I wouldn't want to misparaphrase him, but I think my notes are accurate.

------
noonespecial
22:20

"The other thing to note is that there is a confusion that people have,
because the books and the press kind of work this way; We think about 'an
idea'. We think about ideas for movies, ideas for products, and its usually
thought of as some singular thing. The reality is these successful movies and
these successful products have got thousands of ideas. There's all sorts of
things necessary to make it and be successful and you have to get _most_ of
them right."

Pure gold.

------
akamaka
Wow, this is great, thanks for posting!

The 1980s were a fascinating time in computer graphics, and there are few
people who are better qualified to talk about it. Ed Catmull practically
embodies the history of the field, starting out at the University of Utah,
moving to commercial work and struggling for years before finally achieving
the ultimate success at Pixar.

I also find him to be an excellent role model, as someone who worked over many
years to achieve a real and lasting impact, very much different from some the
lucky entrepreneurs of the last decade who receive so much undeserved praise.

------
10ren
This guy is so cool. He's like world class, a pioneer, a revolutionary. And
yet he's talking about all this stuff as if he was digging ditches... that
he's really into. He cares about it for its own sake.
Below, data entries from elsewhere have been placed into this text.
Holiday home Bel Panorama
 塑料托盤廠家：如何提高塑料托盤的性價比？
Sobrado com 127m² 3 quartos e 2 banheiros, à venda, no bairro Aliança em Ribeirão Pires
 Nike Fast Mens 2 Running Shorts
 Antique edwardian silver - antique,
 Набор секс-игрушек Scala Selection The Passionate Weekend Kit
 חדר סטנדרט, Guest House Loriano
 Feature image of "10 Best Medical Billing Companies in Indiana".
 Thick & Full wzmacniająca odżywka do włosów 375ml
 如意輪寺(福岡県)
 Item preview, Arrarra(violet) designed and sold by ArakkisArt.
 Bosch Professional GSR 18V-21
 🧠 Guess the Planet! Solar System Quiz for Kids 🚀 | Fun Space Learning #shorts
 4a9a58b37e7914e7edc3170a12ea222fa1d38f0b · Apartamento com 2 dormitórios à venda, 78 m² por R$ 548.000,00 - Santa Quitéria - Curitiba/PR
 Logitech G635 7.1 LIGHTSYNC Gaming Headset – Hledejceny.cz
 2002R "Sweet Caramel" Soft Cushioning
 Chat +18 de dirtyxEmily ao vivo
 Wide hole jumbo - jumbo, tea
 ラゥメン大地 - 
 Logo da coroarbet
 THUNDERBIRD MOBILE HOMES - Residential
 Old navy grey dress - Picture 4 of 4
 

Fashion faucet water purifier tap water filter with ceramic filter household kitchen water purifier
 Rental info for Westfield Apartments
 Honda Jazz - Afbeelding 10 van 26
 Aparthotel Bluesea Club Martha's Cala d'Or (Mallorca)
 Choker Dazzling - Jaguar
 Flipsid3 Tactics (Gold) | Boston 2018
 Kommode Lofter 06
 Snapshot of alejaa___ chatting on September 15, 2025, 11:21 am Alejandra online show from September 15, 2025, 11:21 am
The way he describes that story-teller brain-trust at the start (trust,
necessarily honest) I think also describes him.

------
10ren
"make mistakes and learn from them".

So obvious, well-known and true... but it has a certain reassuring omph when
someone at the absolute top of their field says it, with examples from their
experience.

It doesn't need to be right the first time. In fact, it _can't_ be right the
first time, because there's things that you don't know - and can't know - til
you make those mistakes. He said they're "failures, but that's not quite the
right word". Another word is "experiment", but that doesn't capture how much
these mistakes hurt. They are real.